**INSTRUCTIONS FOR THE TASK:**
Your answer must consist of exactly the lines below, starting with the line with "Love Back Specialist" and going on through the line with "Ford Taurus 2023 v5.1 0.36x", and nothing else.

**EXERCISE INPUTS:**
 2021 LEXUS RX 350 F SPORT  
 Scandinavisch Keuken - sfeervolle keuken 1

---

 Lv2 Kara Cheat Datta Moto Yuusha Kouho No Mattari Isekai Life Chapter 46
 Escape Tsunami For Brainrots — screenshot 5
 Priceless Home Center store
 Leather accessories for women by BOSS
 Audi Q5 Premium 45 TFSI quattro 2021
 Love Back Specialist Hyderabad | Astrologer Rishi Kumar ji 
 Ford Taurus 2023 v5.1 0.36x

**OUTPUT FOR THIS EXERCISE:**
 Love Back Specialist Hyderabad | Astrologer Rishi Kumar ji 
 Ford Taurus 2023 v5.1 0.36x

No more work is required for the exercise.